Filouterie de loyer : la Société immobilière du Cameroun résilie le contrat de bail de 452 locataires

Tous ceux qui souhaiteraient reconduire le contrat de bail de manière tacite sont priés de venir solder leur dette locative. Sinon ils s’exposent à la filouterie de loyer, infraction punie par le Code pénal camerounais.

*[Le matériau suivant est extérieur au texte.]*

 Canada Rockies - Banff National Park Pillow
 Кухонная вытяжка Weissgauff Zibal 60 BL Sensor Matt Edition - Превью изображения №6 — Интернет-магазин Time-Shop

La Société immobilière du Cameroun (SIC), a publié une liste de 452 locataires en voie d’expulsion de ses logements sociaux pour insolvabilité : « Il est porté à l’attention des locataires insolvables de toutes les Cités Sic du Cameroun dont la liste jointe que, compte tenu du non-paiement de leurs charges locatives, le contrat qui les lie à la SIC est déjà résilié de plein droit conformément à l’article 5 du contrat de bail. À cet effet, ils sont tous priés, chacun en ce qui le concerne, de libérer tant de corps que des biens et de tous occupants de leur chef, dans un délai d’un mois à compter de la date de signature du présent communiqué, lesdits logements qu’ils occupent désormais sans titre », déclare Ahmadou Sardaouna, le directeur général de la SIC.

Le responsable explique qu’au demeurant, tous ceux qui souhaiteraient reconduire le contrat de bail de manière tacite sont priés de venir solder leur dette locative. Sinon ils s’exposent à la filouterie de loyer, infraction punie par les articles 74 et 322 du Code pénal camerounais.

Selon ledit Code, est puni d’un emprisonnement de six mois à trois ans et d’une amende de 100 000 à 300 000 FCFA ou de l’une de ces deux peines seulement, le preneur par bail, dûment enregistré, d’un immeuble bâti ou non qui, débiteur de deux mois de loyers, n’a ni payé lesdits loyers, ni libéré l’immeuble concerné un mois après sommation de payer ou de libérer les lieux.

Le phénomène de sous-location

Cette résiliation de contrat de bail intervient plus d’un an après que le patron de la SIC a annoncé une campagne d’identification des locataires des logements SIC. Ahmadou Sardaouna est ainsi entré en guerre contre les insolvables dans un contexte où les logements sociaux construits par l’État du Cameroun, à travers la SIC, font l’objet de manigances. Il arrive par exemple que ces maisons construites pour les agents de l’État à revenus faibles soient plutôt habitées par de hauts fonctionnaires nantis et non éligibles.

Bien plus, il s’est développé au fil des années le phénomène de sous-location. En d’autres termes, certains anciens locataires de la SIC devenus propriétaires d’une maison hors des camps SIC, sous-louent leur ancien logement social à des tiers.